Karavanla yaptığınız her yolculuktan sonra şehre döndüğünüzde, ne kadar çok ve gereksiz miktarda tükettiğinizi anlıyorsunuz. Daha az çamaşır yıkayacak, daha az elektrik kullanacak, çöplerinizi ayrıştırmaya başlayacak, daha az kıyafet satın alacak yani kısacası yaşamınızı tahmin edemeyeceğiniz kadar değiştireceksiniz. Kısacası alışkanlıklarınızı yavaş yavaş değiştirdiğinizi göreceksiniz.
Paranın değil zamanın efendisi olmak!
Belki bu çağda fazla romantik bulanlar olabilir ama bence karavanın en güzel yanı yaşattığı özgürlük hissi. Anayol değil de patikalardan gidiyor, kimselerin girmediği bir yolun sonunda enfes bir ormana ulaşıyorsunuz mesela. Hayatı dileğiniz kadar yavaşlatıp günlerce kamp yapabilme özgürlüğü de işin bonusu.
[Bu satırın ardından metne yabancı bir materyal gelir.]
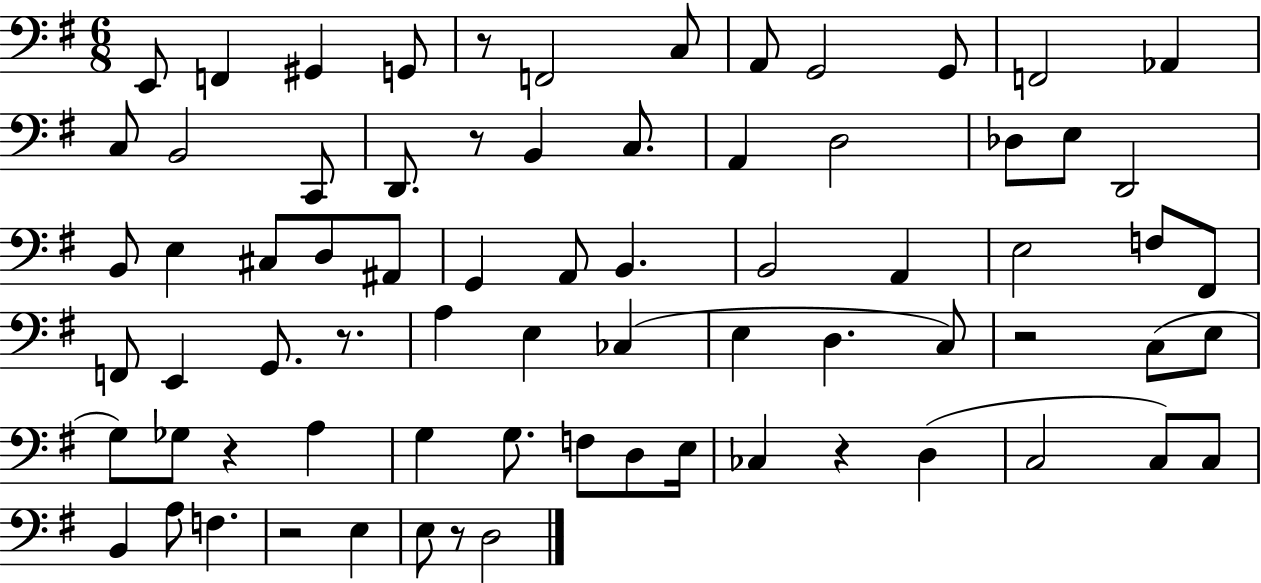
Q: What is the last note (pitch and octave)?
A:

Seyahatlerimiz sırasında tanıştığımız karavancılar arasında, sayıları az da olsa, evlerini tamamen kapatıp karavanda yaşamaya başlayanlar vardı. Mevsim nerede daha sıcak ise tekerleri o yöne çevirmek bir yaşam alışkanlığı olmuştu onlar için.
Öte yandan karavanda yaşamak ülkemizde pek az kişinin kalkışabildiği, genel olarak bir ‘’macera’’ olarak görülen ve pek de özendirilmeyen bir durum. Karavan sahipleri genellikle hali vakti yerinde, emeklilik hayatı süren ve elbette hayattan keyif almasını bilen kişiler… Yurtdışında ise, yerleşik hayattan, düzenden, kalıplardan ya da adına ne derseniz deyin tüm yerleşik bağlardan daha genç yaşlarında vazgeçmiş, çoğunlukla freelance işler yaparak geçimini sağlayan çok sayıda insan hikayesiyle karşılaşabiliyorsunuz. Onlardan biri olan İngiliz Tim Meek, 9 ve 11 yaşlarındaki iki kızı ve eşi yıllardır karavanda yaşıyor. Tim, BBC’ye anlattığı hikayesinde işin felsefesini gayet güzel özetliyor: ‘’Biz modern hayatta başarı olarak adlandırılan şeyin evinizin ne kadar büyük ve konforlu olduğuyla veya bankadaki hesabınızın şişkinliğiyle ilgisi olmadığına inanıyoruz. Başarı aslında zamanın ne kadarının size ait olduğuyla ilgili bir şey. Zaman günümüzde her şeyden daha değerli ve zaman hayatın en geçerli ölçü birimi çünkü’’.
Öyleyse zamanın efendisi olmak için yaşasın karavancılık!